Over the past 30 Independence years, reports from various departments of the Ministry of Agriculture indicate that commendable achievements have been registered in different areas.

After the Eritrean War of Independence, agriculture was one of the many sectors that was completely destroyed. Since then, significant investment has been made into the industry which includes purchases worth millions of dollars of agricultural machinery and the construction of hundreds of dams of varying sizes and types. At independence, there were only 138 ponds and dams in the country. Currently, the figure has risen to 785. Systematically the total area of irrigated land had increased approximately by fivefold.

The Ministry of agriculture had revised its policy and strategy in accordance with the current farming environment. Now, Eritrea is able to produce many agricultural products that were previously imported from neighboring countries. During the period of 1991 to 2021, major achievements have been realised in the agricultural sector such as natural resource management.

Eritrea has 565,000 hectares of arable land, located in the Sub-saharan part of Africa.
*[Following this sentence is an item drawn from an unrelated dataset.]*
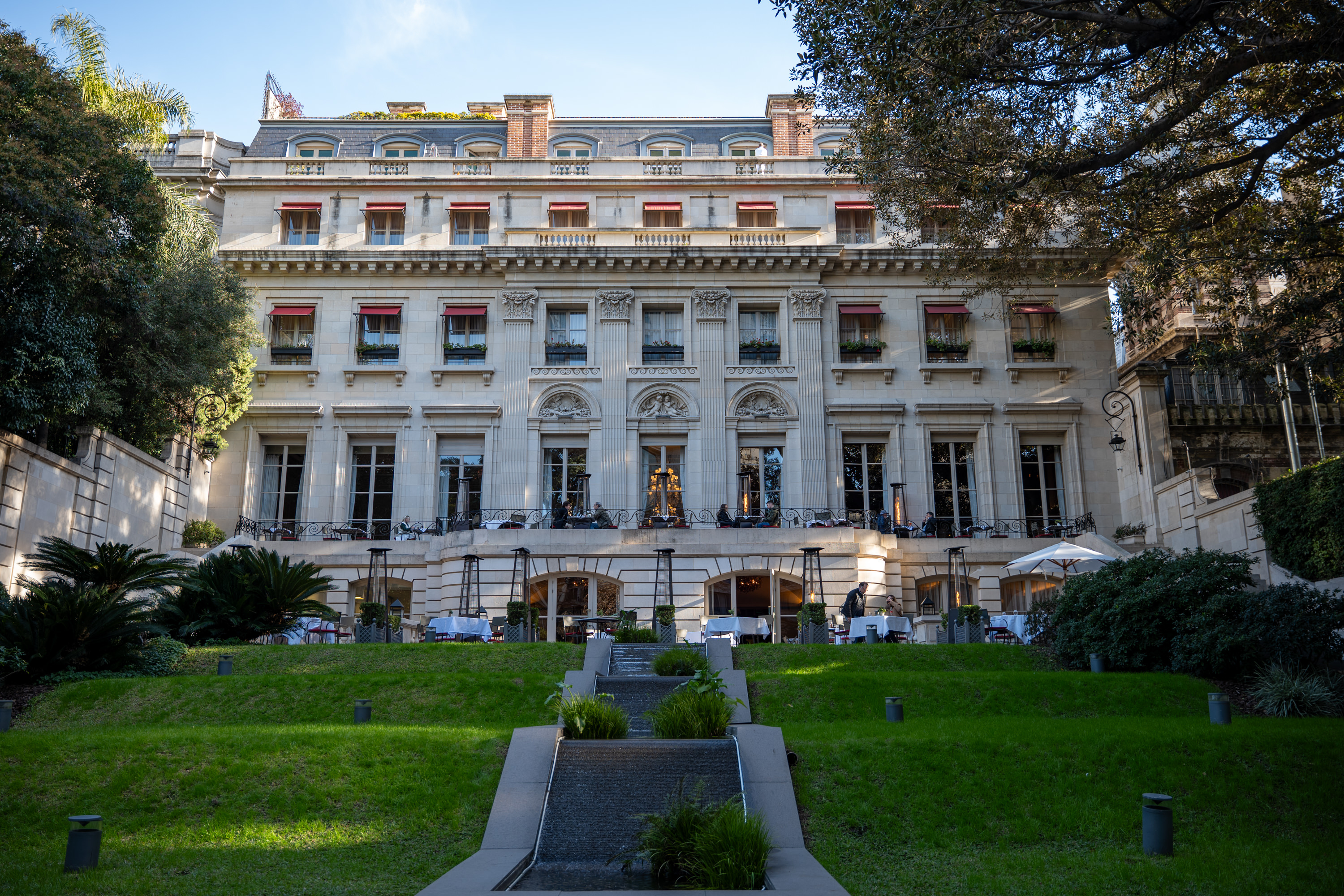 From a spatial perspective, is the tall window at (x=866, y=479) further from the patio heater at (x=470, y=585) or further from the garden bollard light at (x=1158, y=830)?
the garden bollard light at (x=1158, y=830)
It receives low and erratic annual rainfall and is characterized by rugged terrains that expose the land to erosion and degradation.

As a result, conserving soil and water has been one of the top priorities in the country's national agricultural strategy.

According to the Natural Resources and Irrigation Development Division of the Ministry of Agriculture, a total of 257,000 hectares of land has been treated with different kinds of structures and around 4.5 million cubic meter of check-dams constructed by different popular campaigns.

Following the launch of National Greening Campaign in 2006 and the establishment of the forest and Wildlife Authority in 2012, significant and positive contribution has been made to natural resource management in the country, including through helping instill a culture of tree planting and soil and water conservation within communities.

Since 2006, around 45 million tree seedlings have been planted in catchments, along roadsides, schools, various public spaces, and on the grounds of different government and religious institutions. In addition, a large percentage of land has been classified as protected and placed within enclosures, supporting biodiversity and the recovery of wildlife.

Efficient and safer stoves have been designed and manufactured by experts to reduce tree cutting for firewood. The stoves known as 'Adhanet' has significantly reduced the use of wood by over 50%. At present, about 170,000 improved stoves have been installed throughout the country.